According to Prahalad and Hamel, successful companies do not describe themselves as consisting of different businesses. Rather they define their business as a portfolio of competencies. These successful companies are aware that building core competencies does not mean outspending rivals on R&D, nor does it mean any sharing of costs or a common component across SBUs. It is also different from integrating vertically.
Core competencies are normally characterised by the following:
(a) It enables access to a wide variety of markets, both existing and potential.
(b) It enhances the perceived consumer benefits of the end products.
(c) It makes it difficult for the competitors to imitate, and thus, act as an entry barrier.
(d) It cannot be traded or purchased, and its learning cannot be speeded up in the short run just by making an investment.
Companies that judge the competitiveness of their firms as well as that of their competitors primarily in terms of price/performance of end products tend to lose sight of the importance of core competence, and, as a result, make hardly any effort to build or enhance the same. The skills that help in developing future products cannot be learnt by outsourcing or entering into an original equipment manufacturer (OEM) supply relationship.

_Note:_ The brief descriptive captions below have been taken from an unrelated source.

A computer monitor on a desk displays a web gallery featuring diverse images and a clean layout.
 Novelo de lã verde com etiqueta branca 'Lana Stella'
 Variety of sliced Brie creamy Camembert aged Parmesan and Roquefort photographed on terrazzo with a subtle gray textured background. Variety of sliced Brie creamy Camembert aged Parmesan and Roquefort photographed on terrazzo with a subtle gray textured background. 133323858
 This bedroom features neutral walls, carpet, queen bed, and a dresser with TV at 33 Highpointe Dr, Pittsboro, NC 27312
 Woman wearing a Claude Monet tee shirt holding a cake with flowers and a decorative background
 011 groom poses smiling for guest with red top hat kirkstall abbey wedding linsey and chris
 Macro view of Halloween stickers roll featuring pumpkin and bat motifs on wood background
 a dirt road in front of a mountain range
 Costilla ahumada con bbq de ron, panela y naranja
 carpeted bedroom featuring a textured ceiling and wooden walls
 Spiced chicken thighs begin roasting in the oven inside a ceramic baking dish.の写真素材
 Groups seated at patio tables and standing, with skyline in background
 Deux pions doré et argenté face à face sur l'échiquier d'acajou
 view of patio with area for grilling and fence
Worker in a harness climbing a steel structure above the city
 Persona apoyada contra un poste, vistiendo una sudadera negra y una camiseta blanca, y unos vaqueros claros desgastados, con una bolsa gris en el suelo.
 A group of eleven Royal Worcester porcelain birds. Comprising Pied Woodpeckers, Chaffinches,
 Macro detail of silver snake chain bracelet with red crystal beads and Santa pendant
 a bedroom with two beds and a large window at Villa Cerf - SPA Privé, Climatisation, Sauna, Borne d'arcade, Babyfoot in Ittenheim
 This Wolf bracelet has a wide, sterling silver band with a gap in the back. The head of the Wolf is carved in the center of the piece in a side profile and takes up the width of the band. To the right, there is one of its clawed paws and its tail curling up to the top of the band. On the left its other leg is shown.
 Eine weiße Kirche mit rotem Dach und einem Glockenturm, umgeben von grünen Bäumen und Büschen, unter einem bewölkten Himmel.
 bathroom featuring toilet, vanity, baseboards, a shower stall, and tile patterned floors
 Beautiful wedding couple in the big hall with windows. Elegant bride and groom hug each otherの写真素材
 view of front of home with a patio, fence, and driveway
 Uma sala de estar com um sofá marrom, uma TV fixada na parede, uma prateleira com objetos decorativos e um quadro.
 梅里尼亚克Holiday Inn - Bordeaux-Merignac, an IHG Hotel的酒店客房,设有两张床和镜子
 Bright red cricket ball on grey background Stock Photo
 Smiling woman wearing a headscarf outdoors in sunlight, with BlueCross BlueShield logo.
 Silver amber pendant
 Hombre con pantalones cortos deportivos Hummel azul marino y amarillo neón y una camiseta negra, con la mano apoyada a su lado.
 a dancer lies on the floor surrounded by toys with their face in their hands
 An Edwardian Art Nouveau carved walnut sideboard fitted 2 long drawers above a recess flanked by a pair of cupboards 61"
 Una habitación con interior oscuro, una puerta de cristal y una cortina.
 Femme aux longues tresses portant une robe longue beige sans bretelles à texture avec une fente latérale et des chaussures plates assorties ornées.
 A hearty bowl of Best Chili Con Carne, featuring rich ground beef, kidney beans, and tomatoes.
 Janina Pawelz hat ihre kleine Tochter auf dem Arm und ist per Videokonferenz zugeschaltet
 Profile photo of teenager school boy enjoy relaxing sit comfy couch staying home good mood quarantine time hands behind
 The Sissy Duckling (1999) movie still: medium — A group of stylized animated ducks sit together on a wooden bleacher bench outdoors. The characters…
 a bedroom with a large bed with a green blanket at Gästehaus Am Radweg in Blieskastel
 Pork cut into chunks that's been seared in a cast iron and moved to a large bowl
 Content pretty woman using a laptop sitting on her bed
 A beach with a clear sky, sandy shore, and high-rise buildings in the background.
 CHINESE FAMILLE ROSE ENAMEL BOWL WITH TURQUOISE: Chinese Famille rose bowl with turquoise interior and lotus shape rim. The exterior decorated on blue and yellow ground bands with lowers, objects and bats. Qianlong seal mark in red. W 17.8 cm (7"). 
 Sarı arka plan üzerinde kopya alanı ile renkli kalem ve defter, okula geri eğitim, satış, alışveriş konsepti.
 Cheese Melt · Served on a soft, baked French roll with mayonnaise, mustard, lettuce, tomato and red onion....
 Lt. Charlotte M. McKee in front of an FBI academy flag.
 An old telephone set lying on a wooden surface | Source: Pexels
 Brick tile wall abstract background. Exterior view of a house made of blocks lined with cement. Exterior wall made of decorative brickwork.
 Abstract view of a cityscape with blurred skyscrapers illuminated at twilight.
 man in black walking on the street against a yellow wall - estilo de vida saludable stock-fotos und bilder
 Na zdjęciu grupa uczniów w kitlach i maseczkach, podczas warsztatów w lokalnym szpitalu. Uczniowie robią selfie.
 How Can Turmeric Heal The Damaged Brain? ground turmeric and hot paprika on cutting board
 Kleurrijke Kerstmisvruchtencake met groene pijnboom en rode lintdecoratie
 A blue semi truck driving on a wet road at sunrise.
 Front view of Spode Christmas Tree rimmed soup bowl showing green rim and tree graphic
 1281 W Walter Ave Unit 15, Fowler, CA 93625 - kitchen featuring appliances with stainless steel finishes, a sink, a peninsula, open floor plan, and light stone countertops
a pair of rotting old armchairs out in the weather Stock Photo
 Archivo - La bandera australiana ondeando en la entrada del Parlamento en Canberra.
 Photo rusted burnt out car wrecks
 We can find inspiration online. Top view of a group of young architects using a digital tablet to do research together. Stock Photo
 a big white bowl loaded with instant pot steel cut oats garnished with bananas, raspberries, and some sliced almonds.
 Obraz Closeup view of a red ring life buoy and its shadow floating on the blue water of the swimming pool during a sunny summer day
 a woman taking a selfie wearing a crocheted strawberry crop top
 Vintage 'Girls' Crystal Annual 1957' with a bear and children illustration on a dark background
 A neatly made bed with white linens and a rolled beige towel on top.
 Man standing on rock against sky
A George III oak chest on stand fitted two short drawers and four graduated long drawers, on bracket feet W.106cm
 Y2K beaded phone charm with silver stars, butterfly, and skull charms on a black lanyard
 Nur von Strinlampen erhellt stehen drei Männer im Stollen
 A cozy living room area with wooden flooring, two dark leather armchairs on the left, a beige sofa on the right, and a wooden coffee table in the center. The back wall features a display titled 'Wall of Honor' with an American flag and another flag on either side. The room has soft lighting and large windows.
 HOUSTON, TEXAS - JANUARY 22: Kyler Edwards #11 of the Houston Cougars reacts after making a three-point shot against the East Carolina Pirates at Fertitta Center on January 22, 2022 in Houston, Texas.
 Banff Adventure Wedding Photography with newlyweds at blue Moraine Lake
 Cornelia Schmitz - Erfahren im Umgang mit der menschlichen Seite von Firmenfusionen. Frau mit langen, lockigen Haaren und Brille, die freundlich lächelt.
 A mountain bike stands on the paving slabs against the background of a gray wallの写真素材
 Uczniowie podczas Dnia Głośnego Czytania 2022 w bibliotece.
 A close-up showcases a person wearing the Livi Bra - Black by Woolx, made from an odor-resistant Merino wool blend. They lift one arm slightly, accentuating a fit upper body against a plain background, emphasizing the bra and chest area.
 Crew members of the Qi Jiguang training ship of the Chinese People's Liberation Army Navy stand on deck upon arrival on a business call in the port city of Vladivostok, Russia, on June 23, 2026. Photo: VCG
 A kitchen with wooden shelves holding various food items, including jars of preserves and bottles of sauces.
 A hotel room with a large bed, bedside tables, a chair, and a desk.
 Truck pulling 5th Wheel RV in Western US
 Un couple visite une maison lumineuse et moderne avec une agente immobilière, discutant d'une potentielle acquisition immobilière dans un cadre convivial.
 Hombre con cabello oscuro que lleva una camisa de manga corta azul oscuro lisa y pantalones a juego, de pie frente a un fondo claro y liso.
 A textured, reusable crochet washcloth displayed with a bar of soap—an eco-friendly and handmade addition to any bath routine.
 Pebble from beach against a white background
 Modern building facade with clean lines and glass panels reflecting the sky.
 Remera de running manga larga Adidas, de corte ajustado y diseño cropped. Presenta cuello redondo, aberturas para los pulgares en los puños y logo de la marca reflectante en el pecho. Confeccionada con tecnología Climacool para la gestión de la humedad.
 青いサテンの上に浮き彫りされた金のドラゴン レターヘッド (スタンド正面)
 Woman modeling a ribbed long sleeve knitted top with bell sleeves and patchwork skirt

Even where it has been decided to outsource product or technology development, companies must first take into account whether they want to build competence in-house and use the alliance being entered into for learning new competencies at a rapid rate. Setting clear goals for competence building help in facilitating this learning process.
Prahalad and Hamel introduced the concept of core products while discussing core competencies and stated that the latter are linked to the end use items through such core products. These core products are designed and developed through a combination of one or more core competencies. Seen from this angle, core products are components or subassemblies that actually add value to the end use items.
Since core products are different from end use items, it is necessary to distinguish between the brand share the company achieves in the end product application and the manufacturing share it achieves in any particular core product. Prahalad and Hamel suggested that this distinction should be made between core competencies, core products and end products since global competition is different at each level.
To build or defend leadership in the long run, a company should aim to be a winner at each of these three levels. In general, to continue as leader in their chosen core competence areas, companies should maximise their world manufacturing share in core products. This would be desirable strategically not just because of the revenue potential and access to market feedback, but also in order to take away investment initiatives from existing and potential competitors. Another benefit of a dominant position in core products is that it would allow a company to share the evolution of applications in the end product markets.
Companies that try short-cuts to build a market share by relying on the competencies of external organisations rather than investing in the in-house development of core competencies and world core product leadership, may be taking too much of a risk. Keeping this in view, it is preferable for companies to have a core competence agenda. What is needed is to build a ‘strategic architecture’ that can establish objectives for competence building. A strategic architecture is nothing but a ‘Road Map’ for the future that identifies core competencies to build and their constituent technologies.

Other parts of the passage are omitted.